Acerca da fotografia, um ponto positivo e outro negativo. Apesar de errar em inúmeros closes e deixar-nos sem metade das cabeças dos atores em algumas cenas (os enxergamos apenas do nariz para baixo), Hitchcock buscou a linguagem cinematográfica além do diálogo. Ao fazer cenas com câmera aberta, dá a sensação de profundidade e traz à tona observações mais detalhadas do mise-en-scéne, dando-nos panoramas mais completos e complexos de todos os problemas que permeavam a família Boyle. No surgimento das produções do cinema falado, Hitch dizia que a estética do cinema ficaria empobrecida, em virtude de os roteiros terem uma preocupação maior com as falas. Por isso, “Juno e o Pavão” passa a ser um filme obrigatório para quem desejar entender como aquele então jovem cineasta mesclou ambas ferramentas e conseguiu contar uma ótima estória. Não é à toa que tornar-se-ia o Mestre…

Especificações técnicas
Filme: “Juno e o Pavão”
Nome original: “Juno and the Paycock” (The Shame of Mary Boyle)
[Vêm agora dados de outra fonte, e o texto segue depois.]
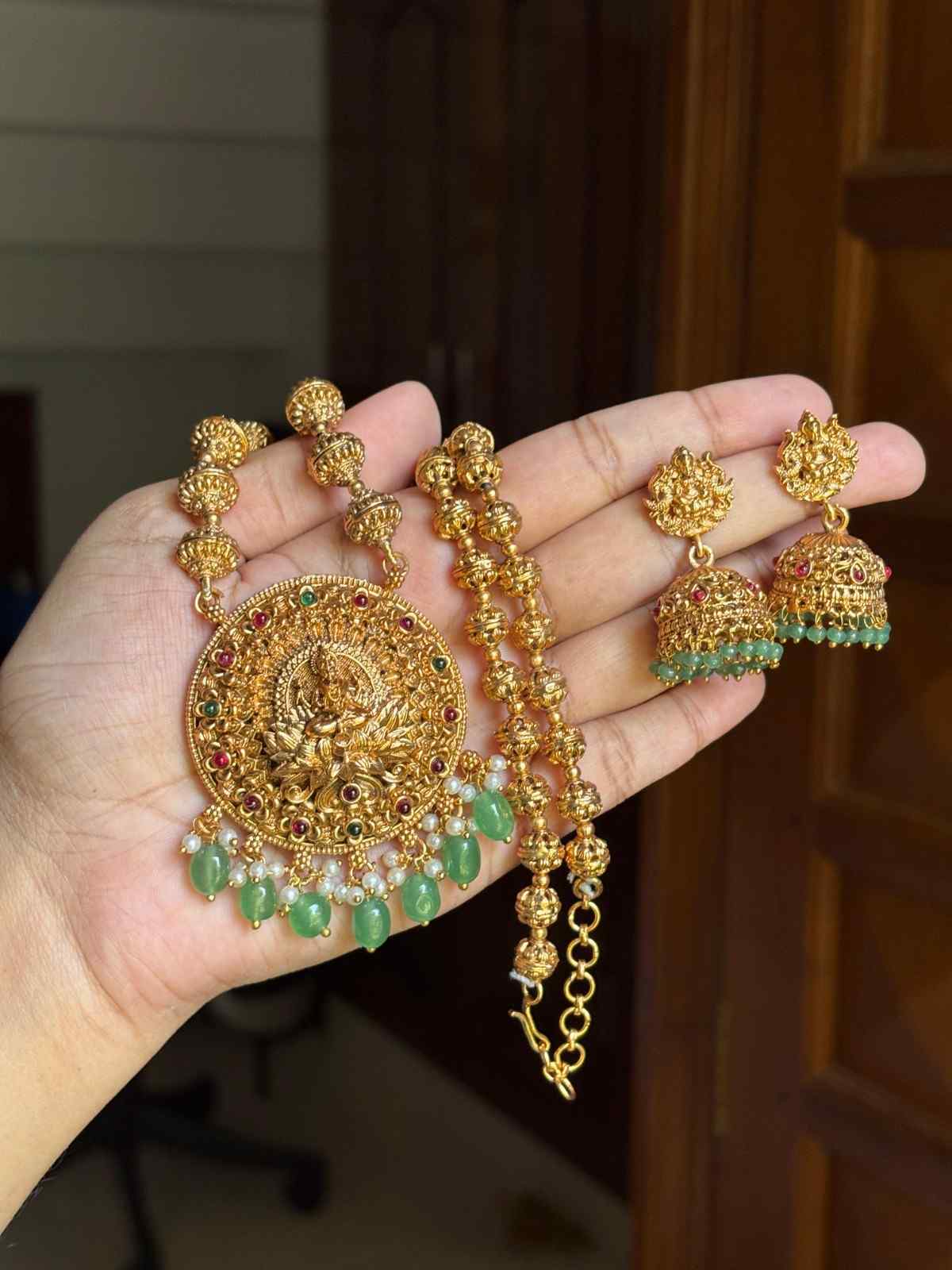 Middle Length Chettinad Haram Matte Finish Lakshmi Pendent with Green Beads H0034-CJ49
País e ano: Reino Unido/ 1930
Produtoras: British International Pictures e Wardour Films
Duração: 95 min
Fotografia: Preto e Branco
Gênero: Comédia Trágica
Direção: Alfred Hitchcock
Roteiro: Alfred Hitchcock e Alma Reville (baseados em peça de Sean O’Casey)
Produção: John Maxwell
Música: Cecil Thornton
Elenco: Sara Allgood (Juno Boyle), Edward Chapman (Capitão Jack Boyle), Sidney Morgan (Joxer Daly), John Laurie (Johnny Boyle), Kathleen O’Regan (Mary Boyle), John Longden (Charles Bentham), Dave Morris (Jerry Devine), Maire O’Neill (Maisie Madigan), Barry Fitzgerald (The Orator), Dennis Wyndham (The Mobiliser), Fred Schwartz (Mr. Kelly), Donald Calthrop (Needle Nugent).